You missed out the tension. We're not ready to set that zero yet.
Write the equation for the vertical components of the forces.

 

[SuperHero]

Alright so for the verticle component of the ring we have

the two 2(Fn) towards the middle and the Fg as well as the tension so.

2(Fn = 2mg - 3mgcosθ) + T = Fg

 

[TSny]

Remember that the forces acting on the ring add together as vectors. So, you need to consider the vertical components separately from the horizontal components.

 

[SuperHero]

Remember that the forces acting on the ring add together as vectors. So, you need to consider the vertical components separately from the horizontal components.

ah, i see.
but doesn't me expression still go with your statement?

 

[haruspex]

Alright so for the verticle component of the ring we have

the two 2(Fn) towards the middle

Careful with the direction of Fn. As a force on the bead, you took the positive direction to be towards the centre of the circle. We're now dealing with the reaction force of the bead on the ring, so the direction is reversed. (But I see you have done that in the equation below.)

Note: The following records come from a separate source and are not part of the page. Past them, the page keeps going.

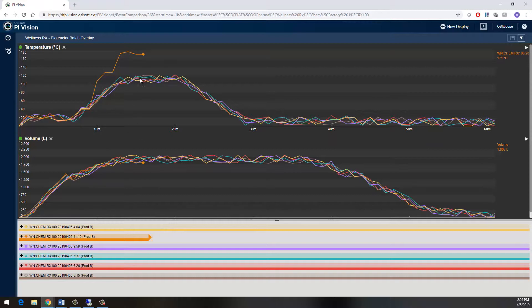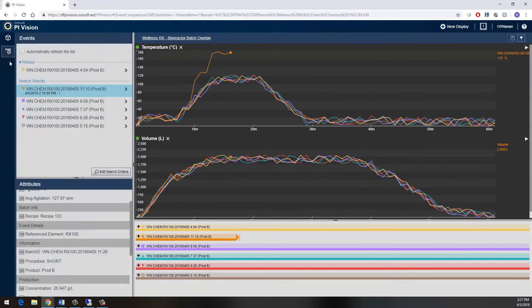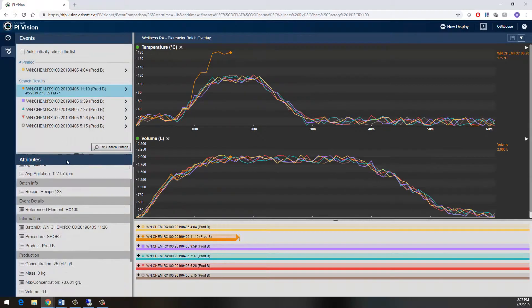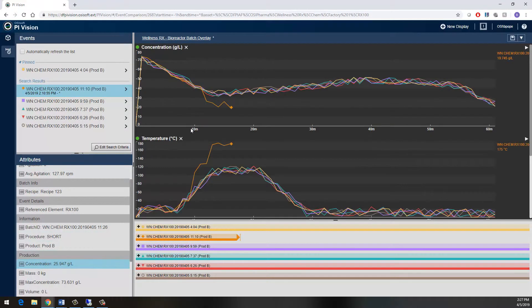You can clearly see my temperature profile is outside of spec, but I'm not sure at this point if this is something like a bad sensor or something that's actually impacting my process. It looks like my volume trend is normal. You can also come in and pull in some other process parameters from my event frames, such as my concentration to check the titer of my product.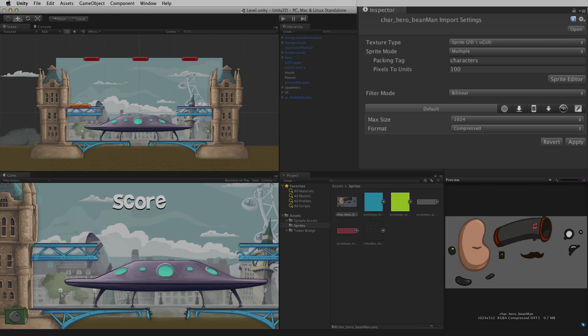It is worth noting that an atlas or sprite sheet may be larger than the default max size of 1024 for an image texture.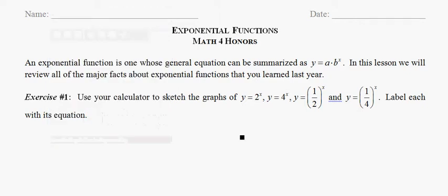Hi, welcome. My name is Kirk Weiler and today we'll be looking at exponential functions in math for honors. The assumption is, if you're doing this at the pre-calculus level, that you've been exposed to exponential functions a number of times. We will be reviewing some of the basics but moving through them quickly, since the baseline assumption is that you've probably studied exponential functions in your Algebra 1 and Algebra 2 courses.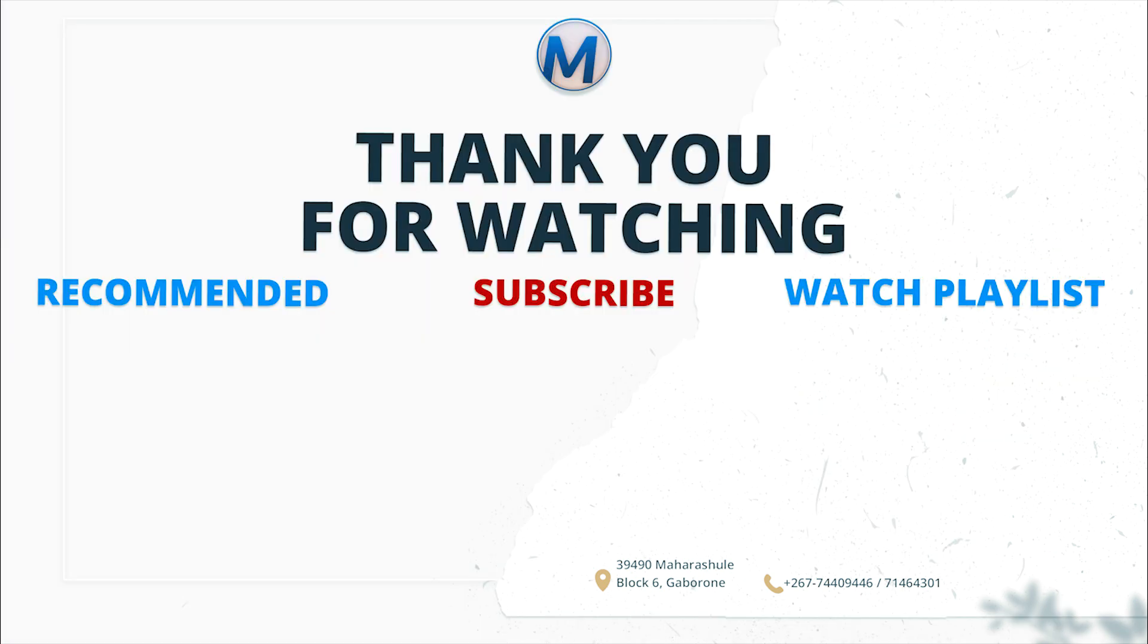Thank you guys. Make sure you hit the subscribe button and like, share, comment. Bye and cheers! Thank you.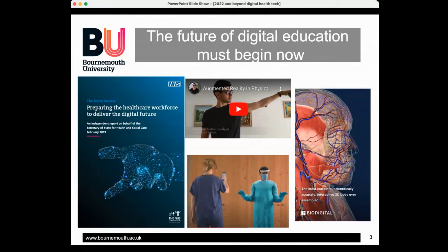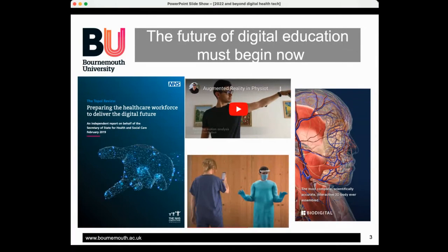The Topol Review in healthcare, published in 2019 just before the pandemic, stated that the future of digital education must begin now. It identified virtual reality as one of the top ten digital technologies expected to impact 80 percent of the NHS workforce, increasing proportionately over the next 20 years. We are training healthcare professionals now who will use what we've taught them throughout their careers, so it's really important we embrace digital technology and make them comfortable with it.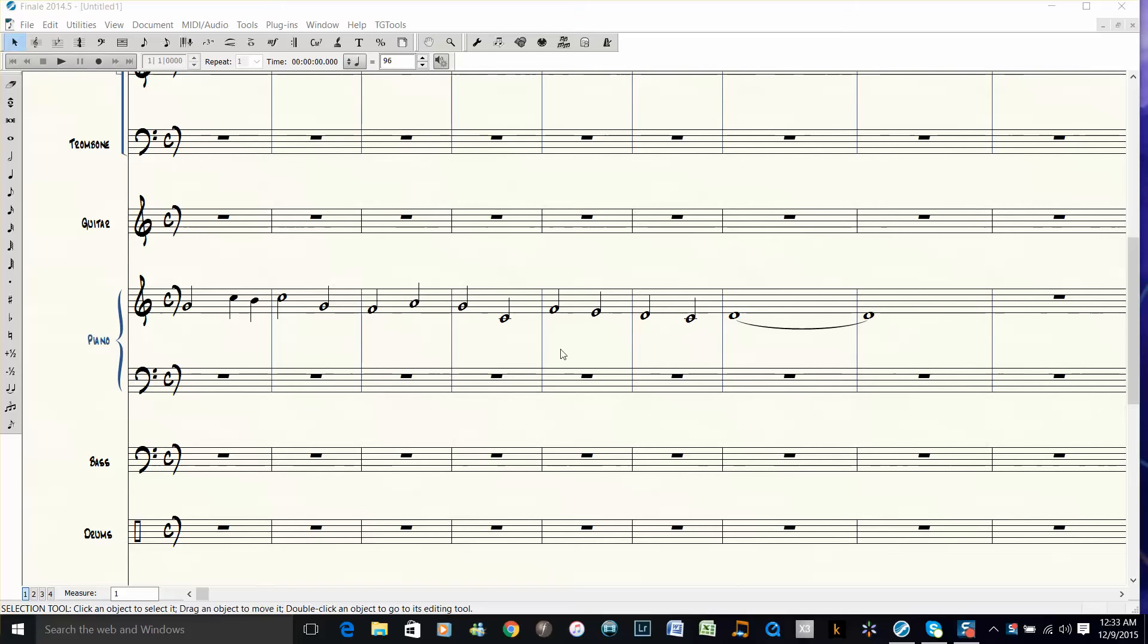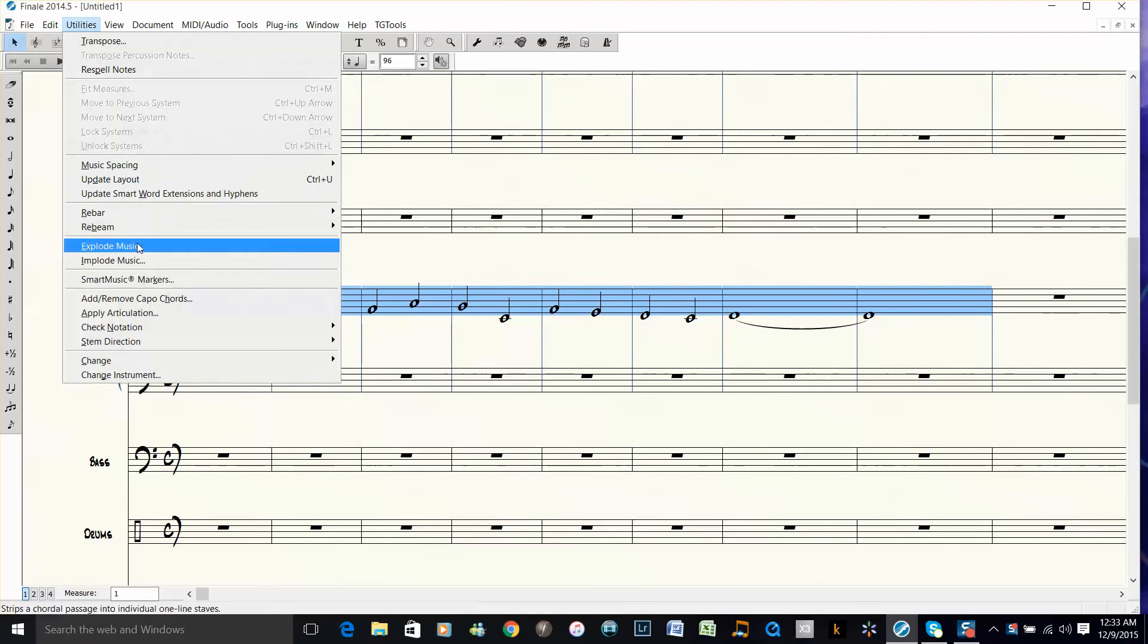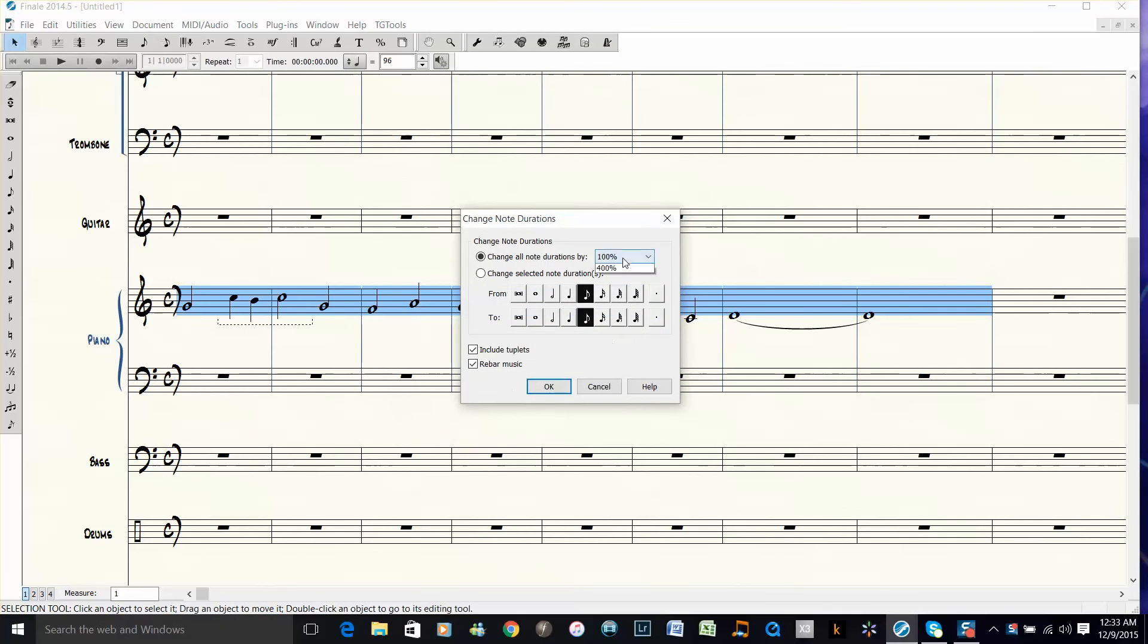I had to basically take a cut time part like this and create it into 4-4. This is an easy way to do that in Finale. You take the selection tool up here, select the music, and then go under Utilities, go to Change, then Note Durations, and choose 50%. That will divide all these durations in half.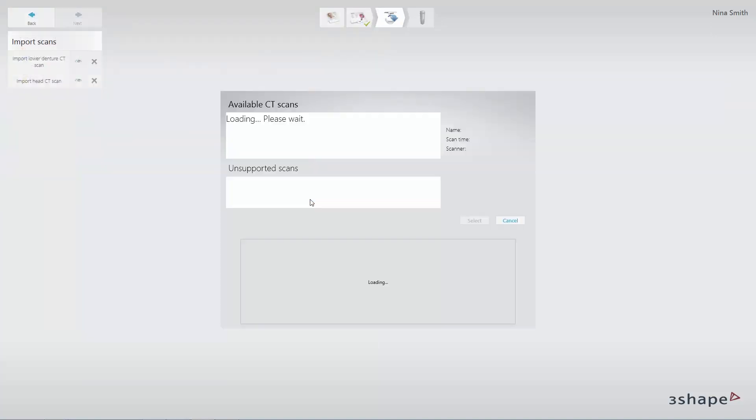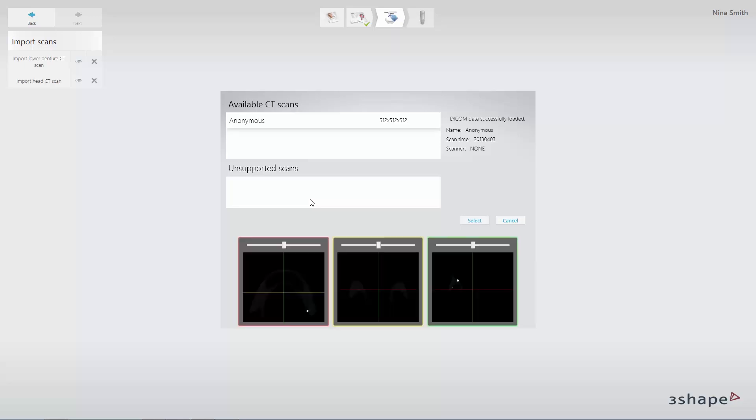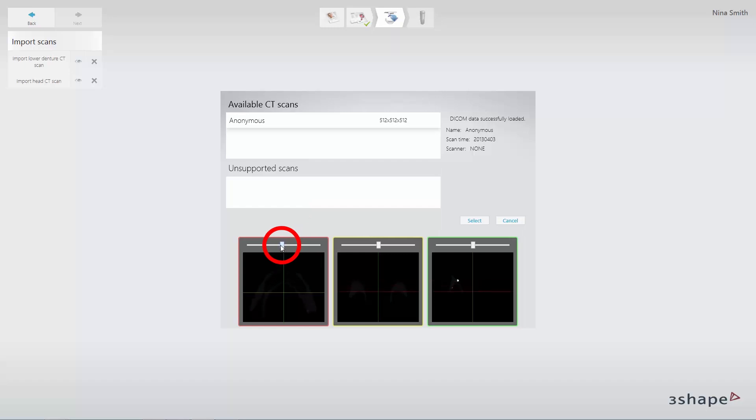The CT scan preview will appear. You can preview the CT scan in the different views. Click Select to finalize the loading of the scan.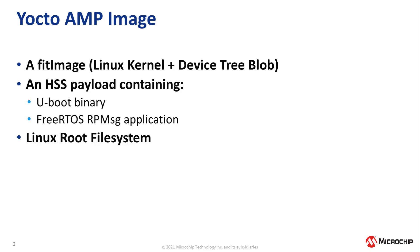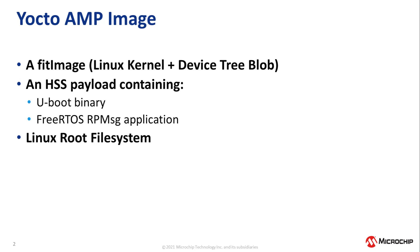The WIC image we just built using Yocto contains the following partitions: a boot partition with a fit image containing the Linux kernel and the device tree blob used by context A; an HSS boot partition with an HSS payload containing a u-boot binary used by context A and a FreeRTOS RP message application used by context B; and finally, it contains a Linux root file system used by context A.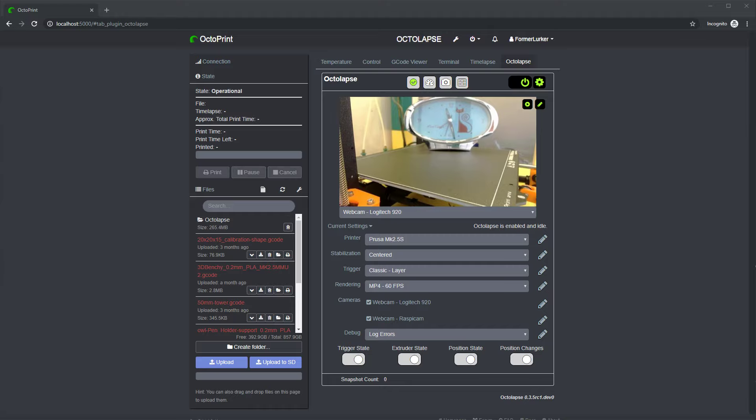Hello Octoprint fans! Former Lurker here again. This is episode 2 in my ongoing series covering some of the new features that will be available in the next release of Octolapse.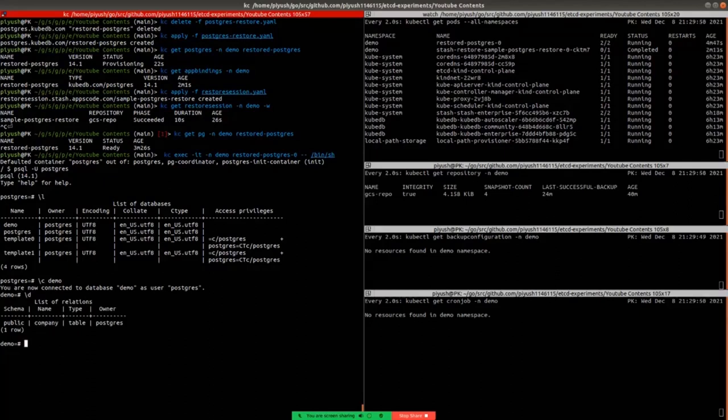By this process, you can be sure that the restore process was successful. And this was the process of restoring PostgreSQL database using Stash.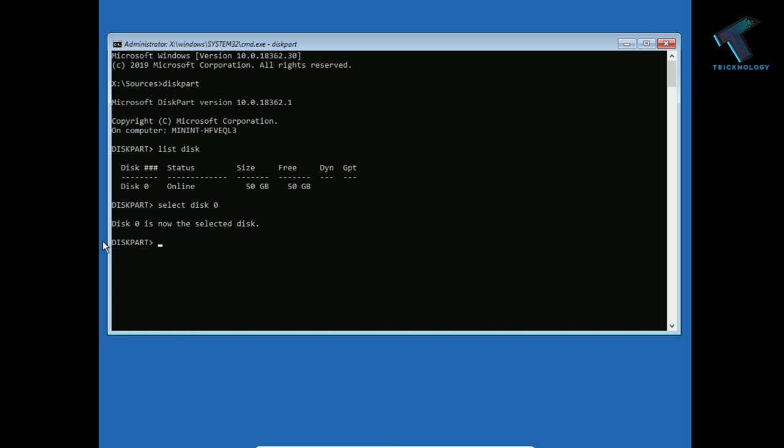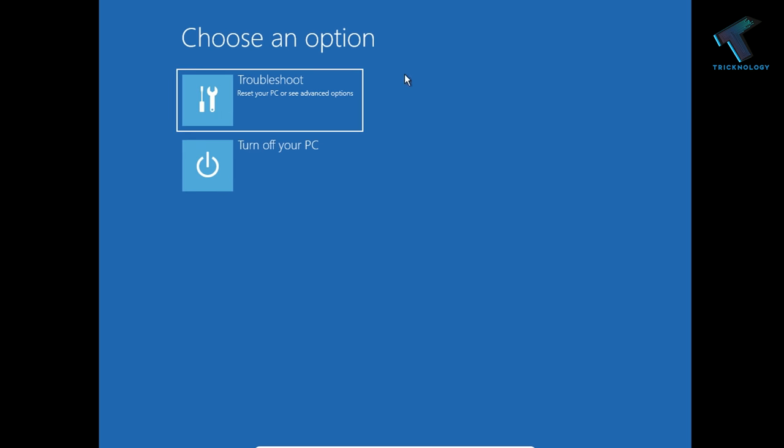Now as you can see, disk zero is selected. Now type the command clean and press enter. Now try to install Windows. This will fix your problem.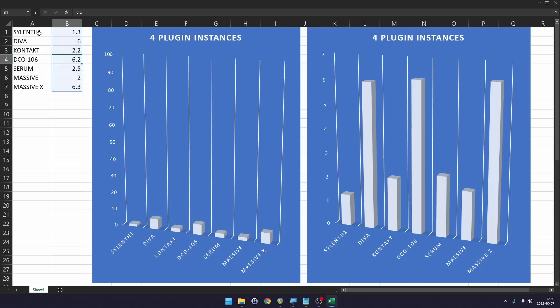DCO-106 came in at 6.2%, higher than I was expecting. Serum 2.5%, Massive 2%, and Massive X wins on CPU consumption with 6.3%. Remember, this is for four instances of Massive X — so that's about one and a half percent per instance, which is still pretty negligible.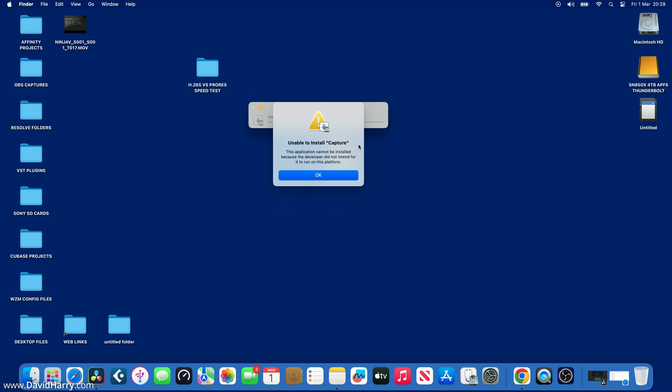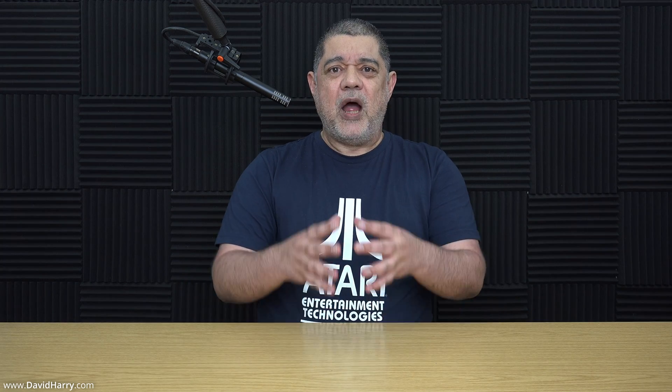Just to be super clear: Elgato have deliberately stopped this app from running on Apple Silicon Macs. The Elgato Capture app available for iPads is something that will run on a Mac if Elgato allowed it. So what I want to know is why Elgato haven't allowed this to happen.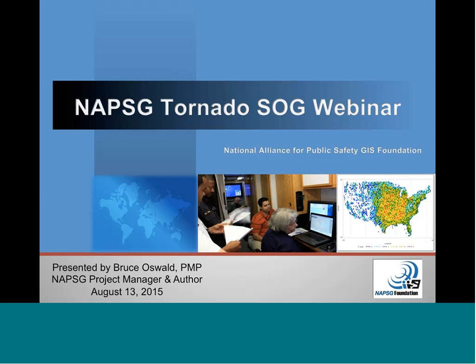I'm going to give a quick introduction. Thank you everyone for joining us with the National Alliance for Public Safety GIS Foundation. Today we'll be hosting a virtual training session on an upcoming tornado-specific standard operating guide and template that NAPSIG will be releasing in the next week or so. Today's training is designed to give you a sneak peek at what's in that standard operating guide and give you some specific recommendations for how you can use it and apply it to your agency and your operations. This training session will be instructed by Bruce Oswald.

and the Fg as well as the tension so.

2(Fn = 2mg - 3mgcosθ) + T = Fg

We only want the vertical component of each force. Fn is not vertical.
When you have corrected that, the next thing is to find out for what values of Fg the tension, T, becomes 0 at some point during the movement of the beads.
How do you think we might do that?

 

[SuperHero]

would that mean that the fg should be less than T, in order for it to go lose or become slack?
ok so if the Fn is not a verticle force. the equation would become T = Fg

 

[haruspex]

ok so if the Fn is not a verticle force. the equation would become T = Fg

No, Fn is neither vertical nor horizontal. It has a vertical component. What is the magnitude of that vertical component?

 

[SuperHero]

No, Fn is neither vertical nor horizontal. It has a vertical component. What is the magnitude of that vertical component?

it if Fncosθ

 

[haruspex]

it if Fncosθ

Yes. So now write your equation with T, Fn, θ and Fg again.

 

[SuperHero]

Yes. So now write your equation with T, Fn, θ and Fg again.

2(Fncosθ) + T = Fg

like this?
since you pointed out this equation was correct earlier.

 

[haruspex]

2(Fncosθ) + T = Fg

Yes, but substituting what you already worked out for Fn.
The next thing is to find out for what values of Fg the tension, T, becomes 0 at some point during the movement of the beads.
How do you think we might do that?

 

[SuperHero]

Yes, but substituting what you already worked out for Fn.
The next thing is to find out for what values of Fg the tension, T, becomes 0 at some point during the movement of the beads.
How do you think we might do that?

So wouldn't the tension have to be the same as the gravity Fg force

 

[haruspex]

So wouldn't the tension have to be the same as the gravity Fg force

No! You have your equation: T = Fg - 2Fncos(θ) = Fg - 2mg(2-3cos(θ))cos(θ). Do you get that? It really bothers me that having come this far you would suggest T = Fg.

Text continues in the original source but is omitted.